After swimming and lunch back on the boat, we set out for our hike through the nesting area of blue footed boobies and magnificent frigate birds.  The beach was both sandy and rocky with very dry vegetation.  As we walked through the marked path and through the breeding ground, we saw all sorts of species.

There were land iguanas munching on the grass and lava iguanas running past our feet.  As we kept walking, we saw blue footed boobies sitting on the ground in the nest they made on their eggs.  Their nest or territory was marked by a ring of white bird poop…it was about 5 inches or so thick in a perfect circle.  We were so close to them and their babies…but they didn’t seem to mind.
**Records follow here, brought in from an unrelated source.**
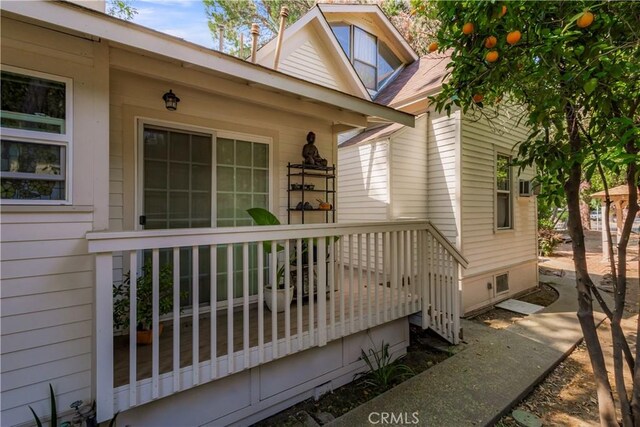 604 Salem St, Chico, CA 95928 - property entrance with a wooden deck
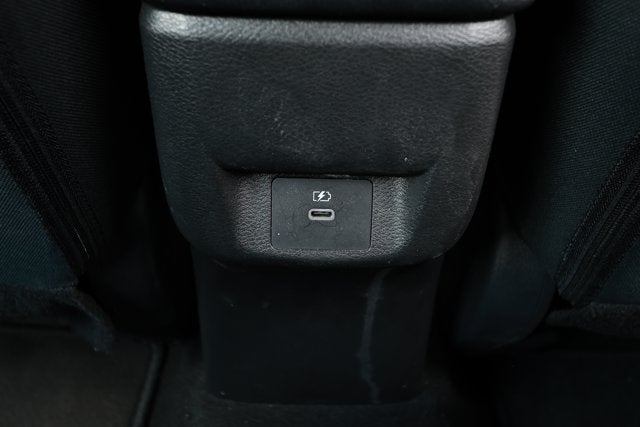 2024 Nissan Versa 1.6 SR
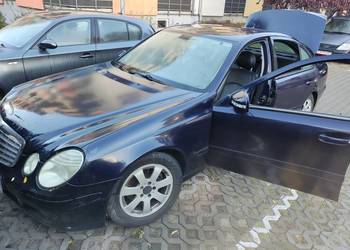 Samochód Auto Mercedes Benz W211 Fioletowy Niebieski zamiana na Motocykl
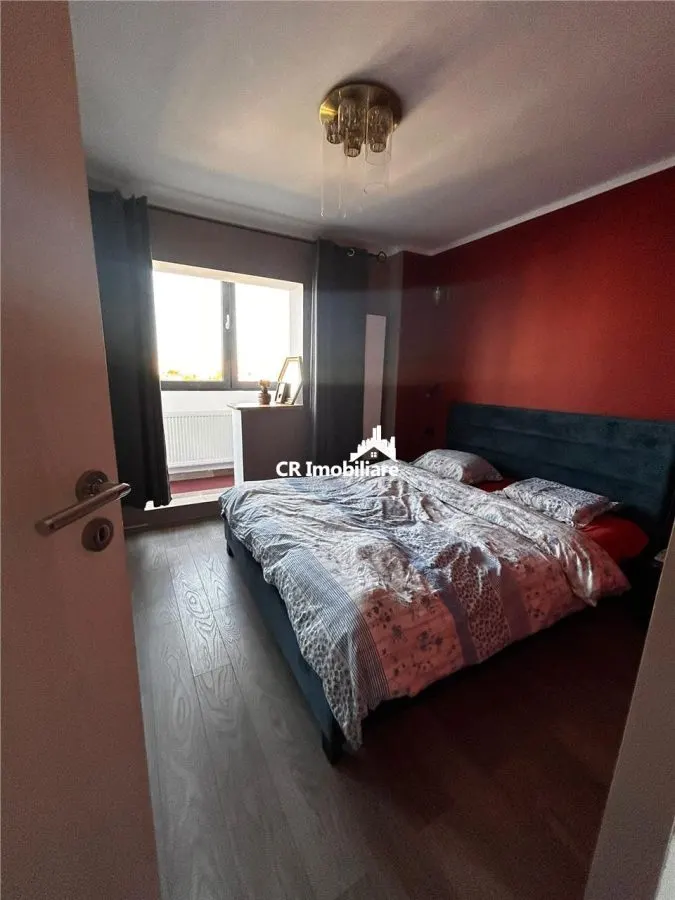 Apartament 4 camere de vanzare Timpuri Noi - foto 1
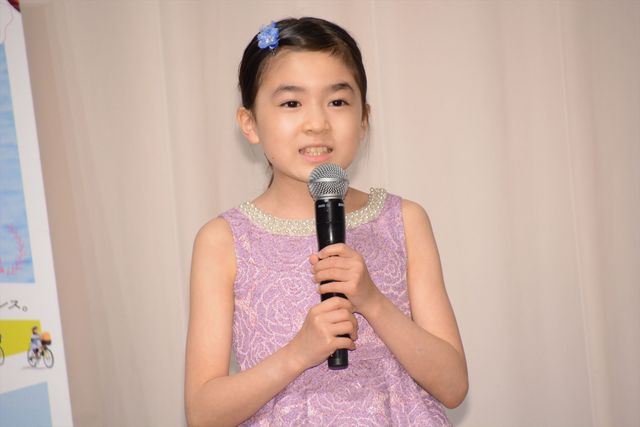 愛くるしい新津ちせ、キュートなドレスで登場！：フォトギャラリー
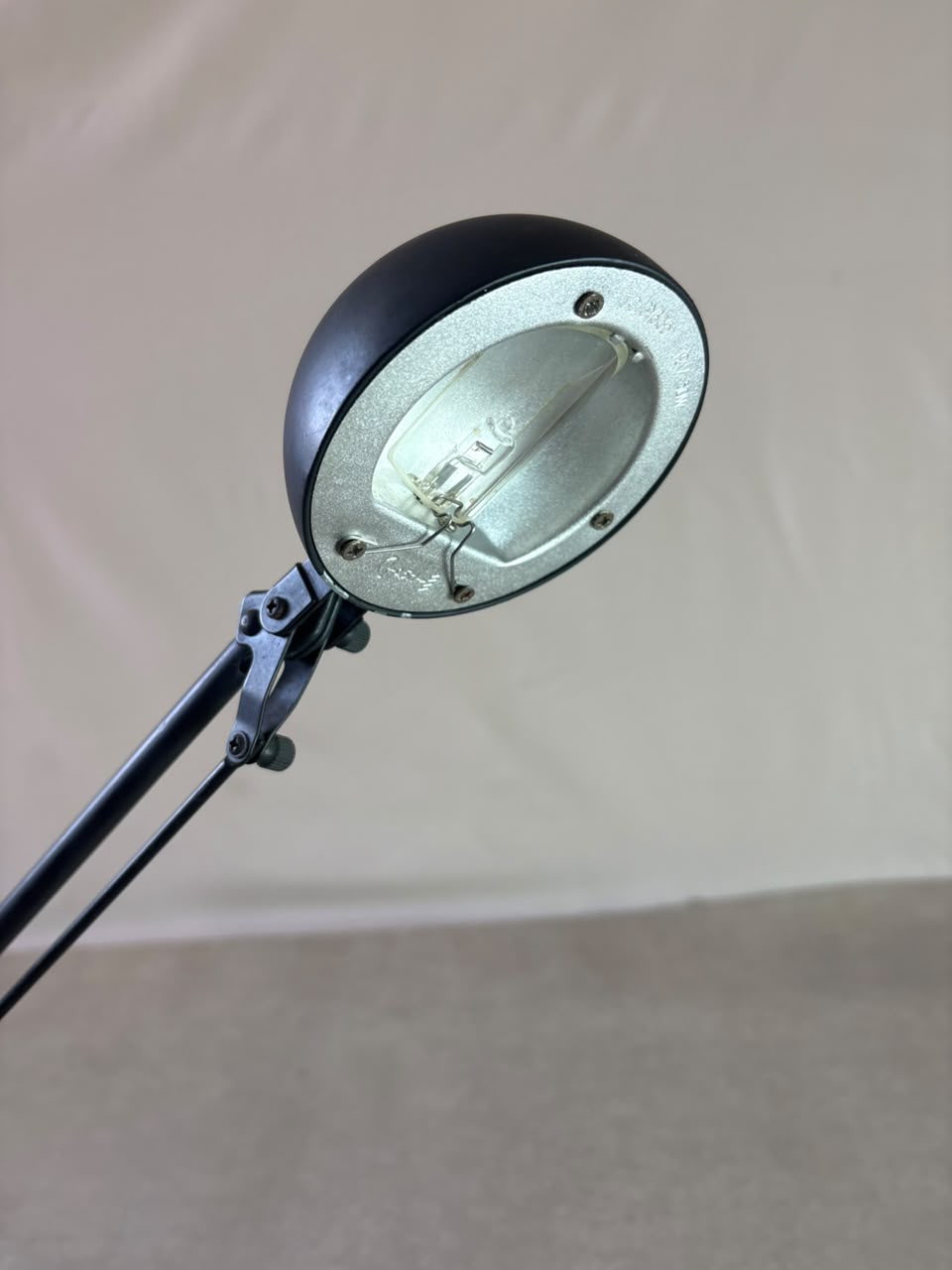 Luminária italiana Halo 80’s em metal preto 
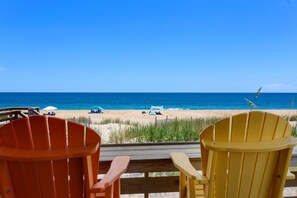 On the beach - 7060 Tides Times * Oceanfront * Pool * Hot Tub (Nags Head)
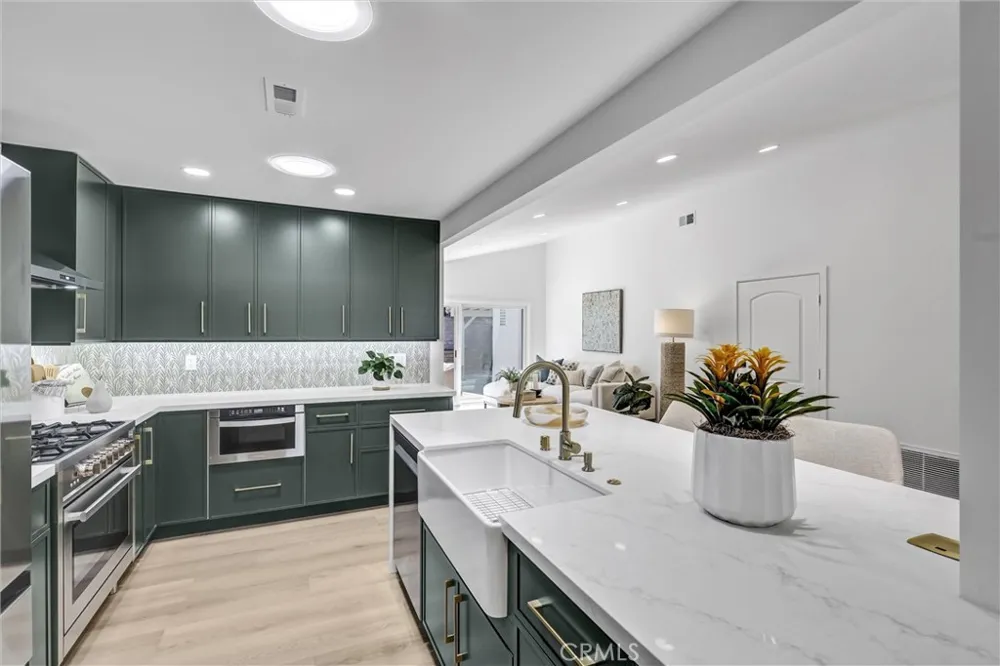 25495 Morningstar Lake Forest, CA 92630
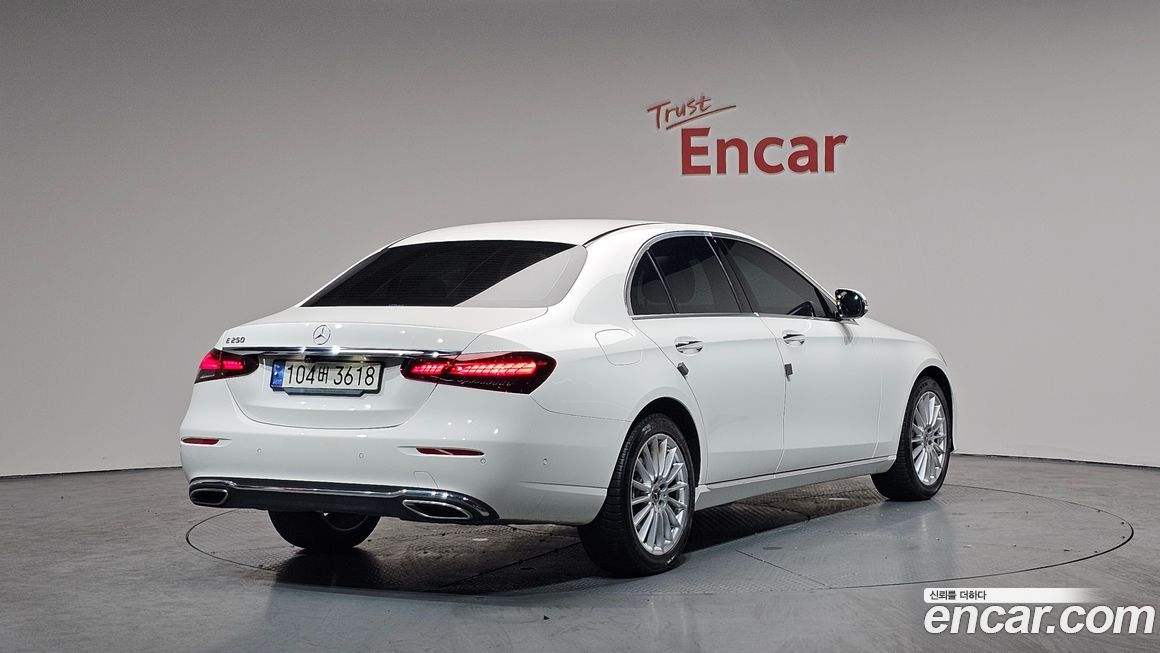 Mercedes-Benz E-Class 2021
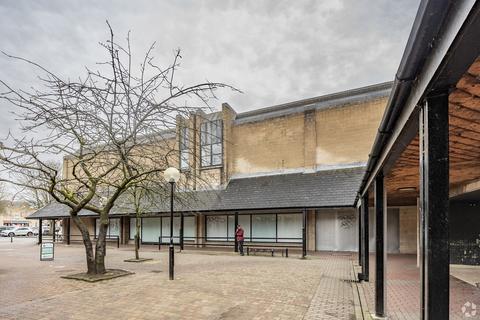Shop to rent, Farrell Clos Cirencester GL7 1HW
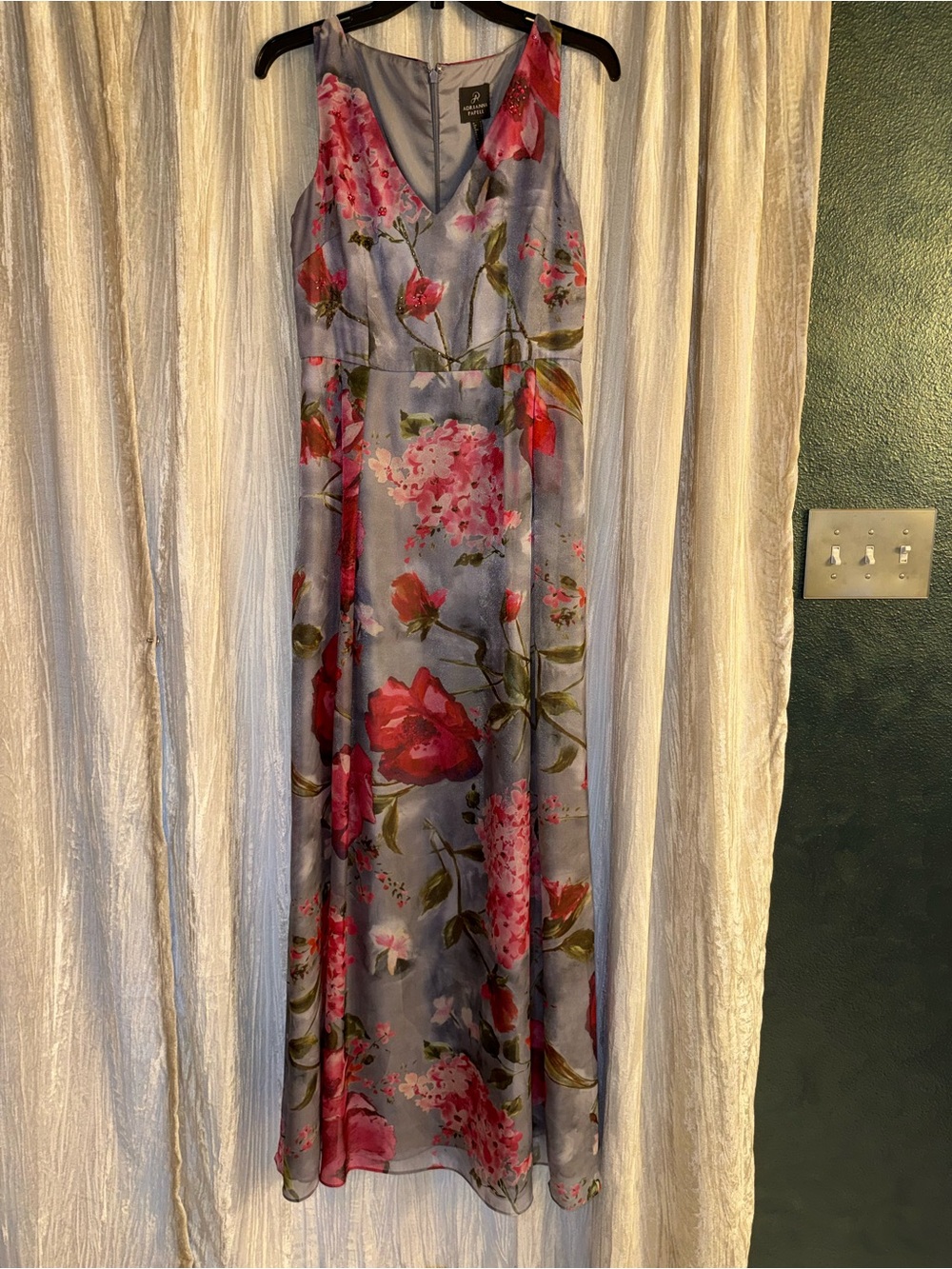 Adrianna Papell gown with pockets, size 6 - Picture 4 of 9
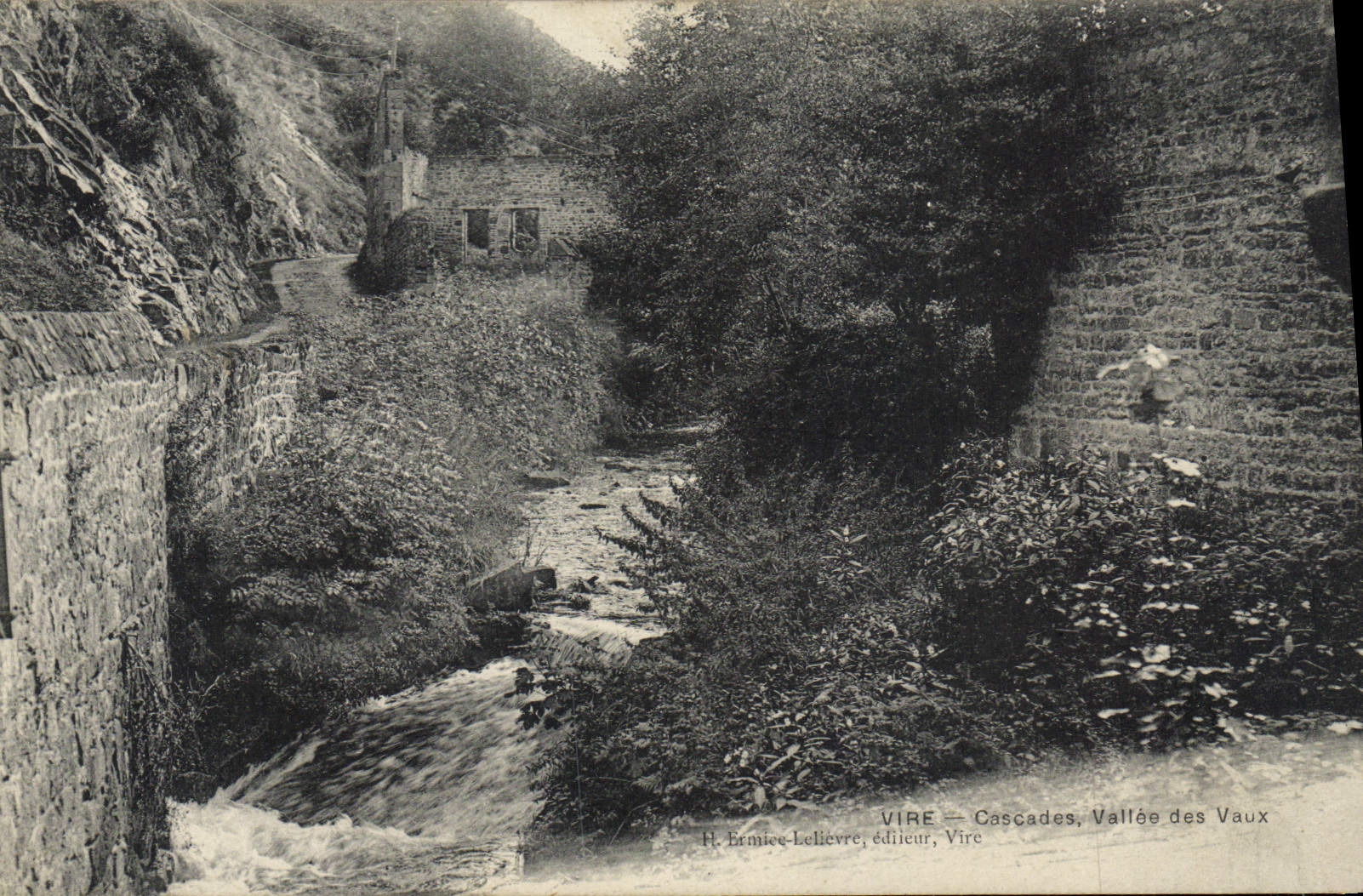 CPA Vire Cascades Vallee Des Vaux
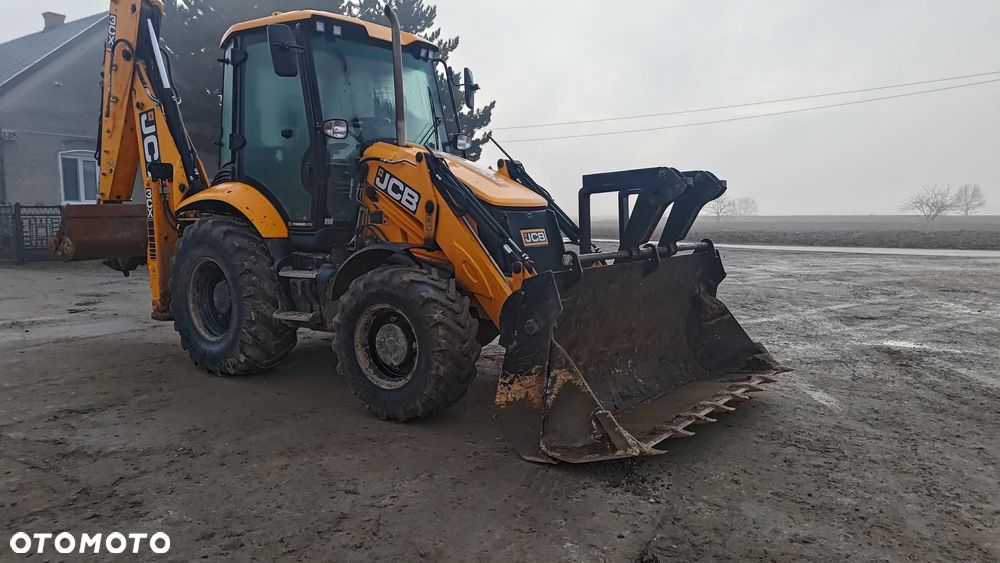 JCB 3CX PRO - 1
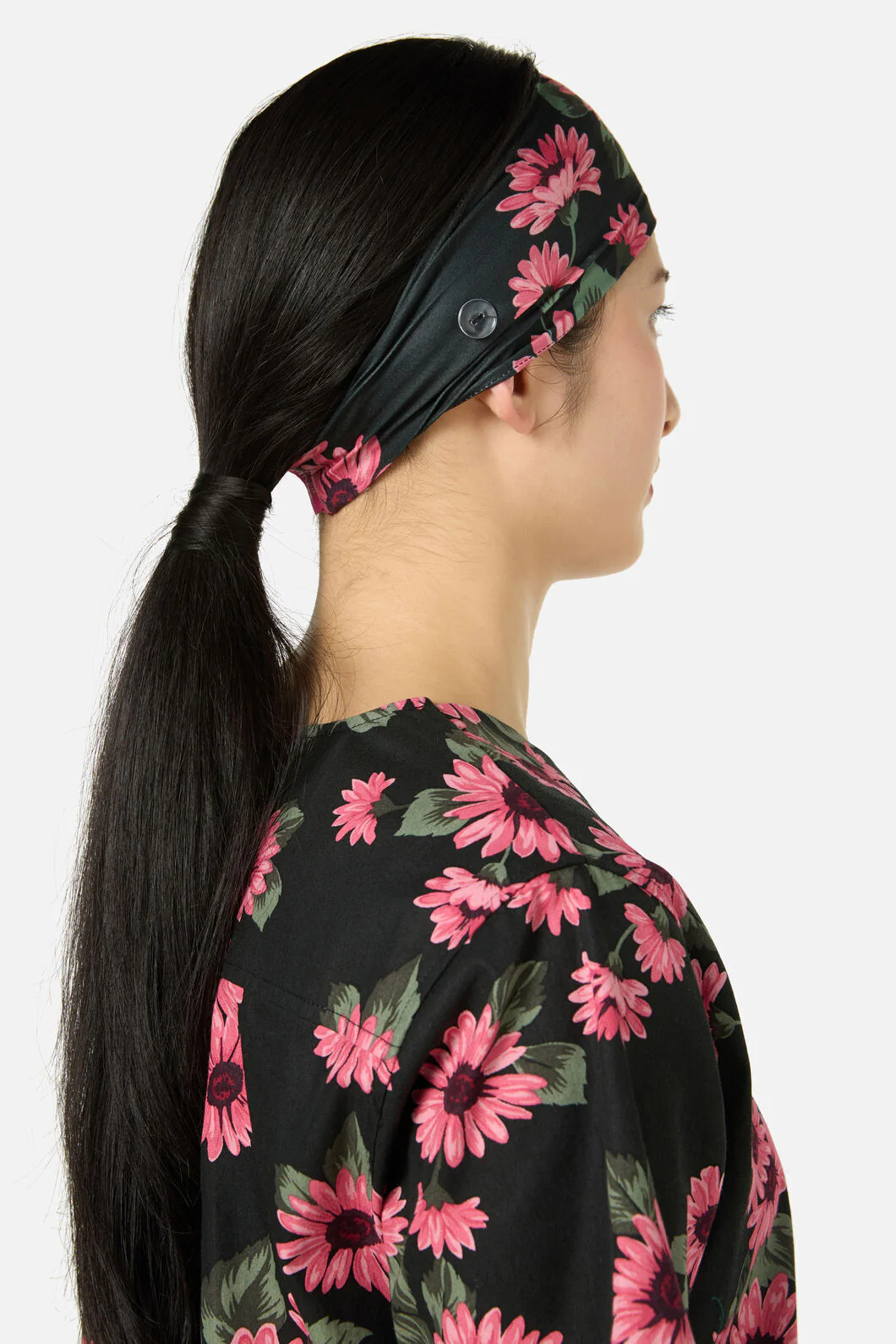 Winter Daisy Scrub Headband - Image 2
One of the highlights of the islands was watching the magnificent frigate birds in heat.  The males have red on their chest and in order to entice the females, they expand their pouches with air…it looks like they are going to pop.  Nature is so amazing…

Speaking of amazing…we also got to see two blue-footed boobies court each other as partners.  The female walked over to the male with a gift of twigs in her mouth.  She waddled over to him and presented the sticks which would probably be for their nest.  They were loudly talking to each other as they went through the motions…we thought we were going to see them mate but after waiting for some time, needed to keep walking.  See our video on this adorable new couple.

After getting to see the frigate birds with their red airy pouches, land iguanas lazily eating, and blue footed boobies fall in love, we were back on the boat.

We drank some tea, played cards and had our nightly gross dinner before getting to bed.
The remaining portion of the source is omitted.